A Change of Style
November 21, 2007 at 1:37 pm (Uncategorized)
Tags: styles, Writing
My favorite books to read are classics. I love Seton and Flaubert, Emerson, Twain. Stuff no one reads much anymore. And I think I’ve figured out why. At least in part.
Stories like Dragonwyck and Madame Bovary are not long stories by the word count, but they take some time to read. You don’t plow through one of those in an afternoon on the beach and still get into the depth of the characters and setting, let alone the plot and tragedy of it all. For years I have collected anciently published classics. And while I do not have nearly as much time as I used to, I will pull out certain books and read passages now and again.
Authors told stories differently back then. Not only in the vocabulary they used, but in the way they made setting and time come alive, almost actual characters in the story. By the time you finished reading the book, you knew every nook and cranny, every piece of furniture, every bend in the river…
I miss those kinds of stories. In today’s market, the action starts right under your nose on page one, no build-up, no backstory, no lengthy description. All we ever write is just enough to give the reader a sense of time and place. Elaboration is considered unnecessary, frivolous, not publishable.
Why? It is a matter of society. More people watch television for information now than read the newspaper. Video games, computers and movies are time-killers and methods of escapism, not so much with books anymore.
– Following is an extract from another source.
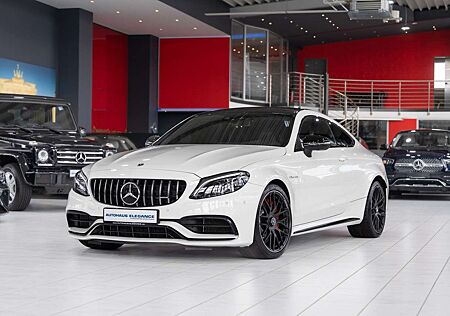 Mercedes-Benz C 63 AMG S Coupe*PANO*AMG-PERFORMANCE*NIGHT*LED*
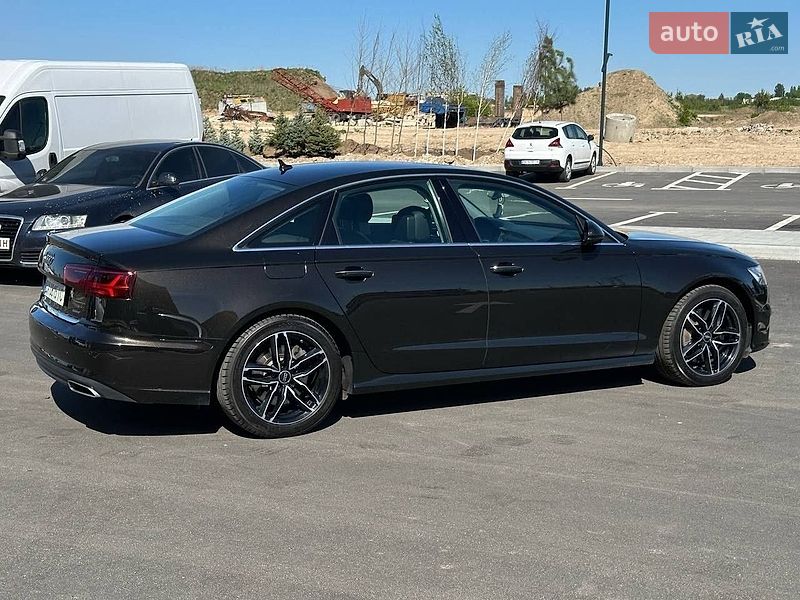 Audi A6 2015 Audi A6 2015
Being educated well enough to read is no longer the exception, nor do families sit around a fire in the hearth and listen to a story, or to someone read from a book.
People have become accustomed to immediacy. Information is not something we wait for, we Google it. We are impatient. We want information, entertainment. And we want it now. Action movies and stories start out with a bang and a boom, or at the very least evil lurking in the opening arrangement of music. They do not begin softly - unless someone or something is seconds away from being torn to shreds right before our eyes, all blood and screams.
What ever happened to just telling the story? To delving into emotion and tragedy, the psyche. Why does everything have to go boom?